I have a personal Project in which i need your assistance I would like to be sure of your willingness, trustworthiness and commitment to execute this transaction worth (Twenty seven million United States Dollars)
If interested, reply immediately for detailed information.
When a chica shoots me an email at one thirty in the morning about a “personal project” . . . well, the mind wanders. And because you’re not content to make it easy on me, you add money to the mix and I realize how wrong I was to think I could outrun my days as a gigolo. But twenty seven million quesadillas is the kind of rate that would lock you into Brad Pitt on a retainer basis, for life. Back in the day, you could have scored me for a fraction of that price. Seriously, a hundred bucks and dinner at a steakhouse would’ve turned my trick. Okay, dinner at a steakhouse would’ve worked. Hell . . . a dive bar would’ve had me rappelling from the walls of a Holiday Inn. But I digress.

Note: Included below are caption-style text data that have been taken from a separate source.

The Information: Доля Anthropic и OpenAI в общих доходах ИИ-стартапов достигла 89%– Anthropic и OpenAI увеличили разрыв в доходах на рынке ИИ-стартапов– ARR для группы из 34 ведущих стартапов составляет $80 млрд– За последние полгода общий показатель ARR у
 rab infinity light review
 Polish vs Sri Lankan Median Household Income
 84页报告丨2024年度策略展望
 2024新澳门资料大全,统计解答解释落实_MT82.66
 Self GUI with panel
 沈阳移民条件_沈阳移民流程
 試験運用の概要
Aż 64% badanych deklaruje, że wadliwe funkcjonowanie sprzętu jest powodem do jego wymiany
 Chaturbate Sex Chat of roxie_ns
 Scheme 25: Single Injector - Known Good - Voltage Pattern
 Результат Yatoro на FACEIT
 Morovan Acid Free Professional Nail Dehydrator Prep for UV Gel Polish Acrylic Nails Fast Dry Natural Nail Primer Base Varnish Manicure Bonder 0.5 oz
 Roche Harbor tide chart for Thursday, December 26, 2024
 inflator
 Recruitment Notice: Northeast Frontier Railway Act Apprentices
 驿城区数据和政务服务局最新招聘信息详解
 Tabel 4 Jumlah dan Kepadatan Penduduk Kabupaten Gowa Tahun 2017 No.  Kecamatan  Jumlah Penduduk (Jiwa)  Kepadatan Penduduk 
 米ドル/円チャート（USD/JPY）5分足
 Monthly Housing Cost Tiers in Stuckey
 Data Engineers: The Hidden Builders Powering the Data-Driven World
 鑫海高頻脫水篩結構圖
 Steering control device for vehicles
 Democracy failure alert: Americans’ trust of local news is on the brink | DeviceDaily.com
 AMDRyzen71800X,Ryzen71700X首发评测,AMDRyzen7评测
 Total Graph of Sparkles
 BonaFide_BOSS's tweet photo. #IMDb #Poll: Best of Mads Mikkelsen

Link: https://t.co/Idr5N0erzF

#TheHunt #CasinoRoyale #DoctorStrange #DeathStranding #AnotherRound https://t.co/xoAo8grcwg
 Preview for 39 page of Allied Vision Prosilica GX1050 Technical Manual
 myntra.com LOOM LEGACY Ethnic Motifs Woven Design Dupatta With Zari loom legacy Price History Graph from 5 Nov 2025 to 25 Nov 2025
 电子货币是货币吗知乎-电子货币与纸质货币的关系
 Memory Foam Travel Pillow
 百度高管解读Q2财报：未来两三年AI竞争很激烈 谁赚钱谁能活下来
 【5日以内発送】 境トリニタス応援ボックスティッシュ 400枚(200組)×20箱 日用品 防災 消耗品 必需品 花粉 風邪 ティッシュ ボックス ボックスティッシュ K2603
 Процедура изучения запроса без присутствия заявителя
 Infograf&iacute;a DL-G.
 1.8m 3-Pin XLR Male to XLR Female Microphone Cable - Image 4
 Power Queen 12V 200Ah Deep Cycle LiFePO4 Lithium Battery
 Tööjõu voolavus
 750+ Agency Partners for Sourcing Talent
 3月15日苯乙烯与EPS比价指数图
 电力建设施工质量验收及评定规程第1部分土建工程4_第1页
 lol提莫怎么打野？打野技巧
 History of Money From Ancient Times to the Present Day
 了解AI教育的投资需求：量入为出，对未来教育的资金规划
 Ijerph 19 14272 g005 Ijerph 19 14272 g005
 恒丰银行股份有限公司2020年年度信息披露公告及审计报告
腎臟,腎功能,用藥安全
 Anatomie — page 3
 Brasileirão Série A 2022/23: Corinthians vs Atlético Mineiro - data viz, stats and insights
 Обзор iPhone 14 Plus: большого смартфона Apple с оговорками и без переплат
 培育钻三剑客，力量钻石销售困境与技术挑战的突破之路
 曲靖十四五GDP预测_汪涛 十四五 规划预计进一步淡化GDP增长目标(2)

If by “executing” this transaction you’re inferring that Imma be eating a piece of this ample pie, then I am all ears. But I do have a few conditions . . .
1- I get half of the twenty seven million US dollars. I ain’t in the mood for any last minute games where you go switching it out with bolivares, which is the global currency equivalent of pushpins.
2- Send a private jet to pick me up. Fully loaded bar.
3- Get me Bill Murray’s private cell, because that shit is priceless.
4- My own Oreos cookie flavor- Marcoconut Creme.
5- And one more thing. Don’t you contact me again, ever. From now on, you deal with Turnbull. If you have any questions please direct them to Senator Patrick Geary of Nevada. Tell him Michael Corleone sent you.
Ayt, that should about cover things for now. I’ll wait to hear from you, Sergeant. And please give Chevy my best.